Five-Round Interval-Estimation Game: Optimal Intervals and Risk Allocation

You play five independent rounds. In round i, an unknown numeric answer A is drawn from a continuous distribution. You announce a closed interval [L, U]. The round score is:

• 0 if A ∉ [L, U]
• L/U if A ∈ [L, U]

Total score is the sum across five rounds. The target is total ≥ 2.0. Assume that for each round you have a subjective continuous pdf f(a) (cdf F) for A.

Answer the following:

(a) Formulate the optimization for choosing L and U that maximizes the expected per-round score E[(L/U)·1{A ∈ [L, U]}] given a known continuous pdf.

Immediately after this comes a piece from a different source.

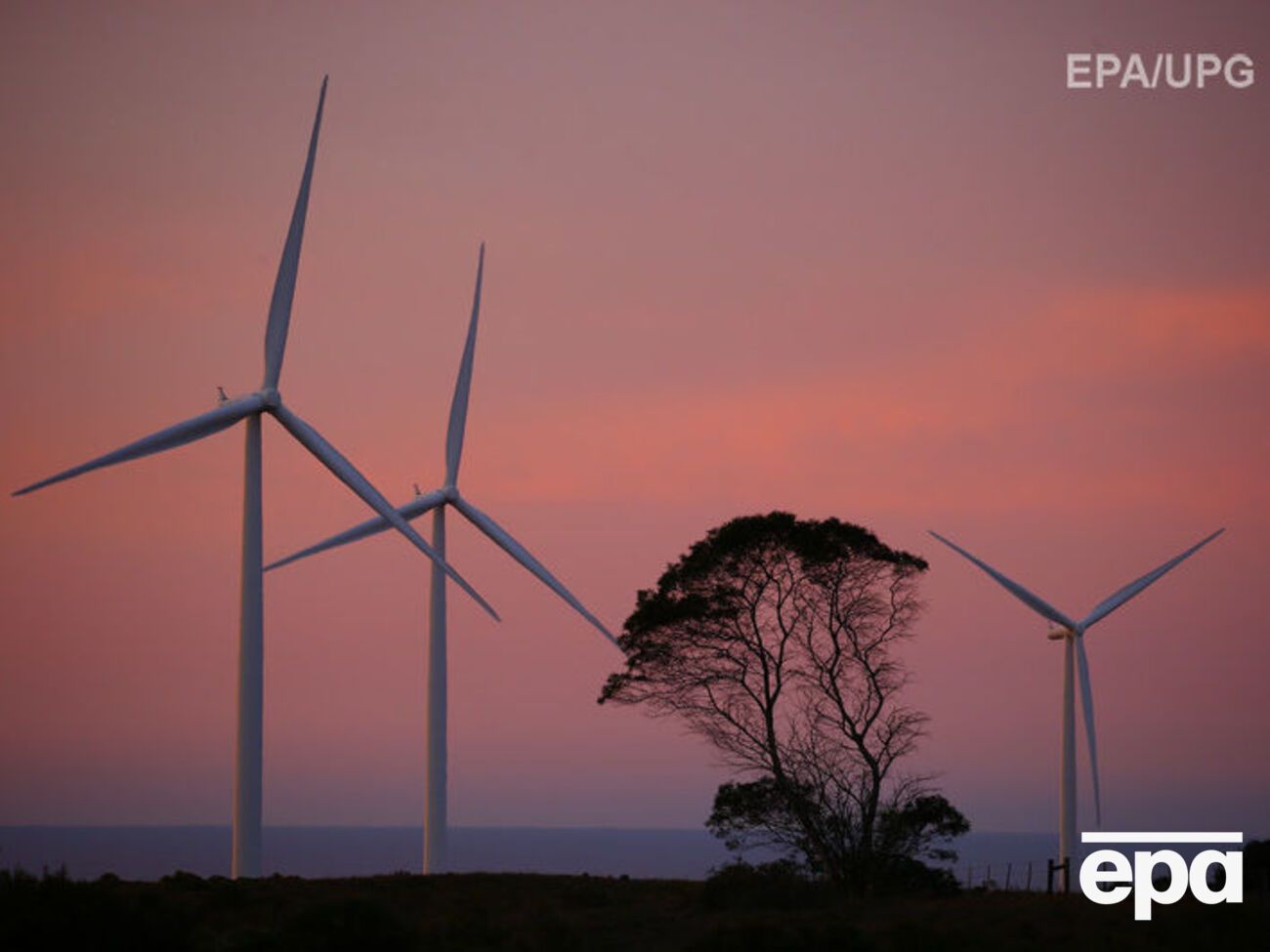 Google підписала контракти з трьома новими вітровими станціями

(b) Derive the first-order optimality conditions (FOCs). Discuss how the optimal coverage probability compares to conventional confidence levels under light- vs heavy-tailed beliefs.

(c) Describe a strategy to allocate risk across five rounds (e.g., dynamic programming or heuristics) to maximize the probability of achieving total ≥ 2.0, including how to adjust interval tightness after early wins/losses.

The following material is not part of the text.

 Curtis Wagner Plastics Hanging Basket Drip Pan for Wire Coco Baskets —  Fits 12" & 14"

(d) Provide a quick mental method for approximately optimal [L, U] under log-normal beliefs (A > 0), and explain how you’d adapt for heavy tails.

(e) Outline a simple simulation to validate your strategy and estimate the probability of meeting the ≥ 2.0 target.

Assume U > 0 and typically A > 0 (most market-making questions are positive). If A could be negative, you may work on a transformed scale (e.g., log of absolute value) or restrict to positive-support questions.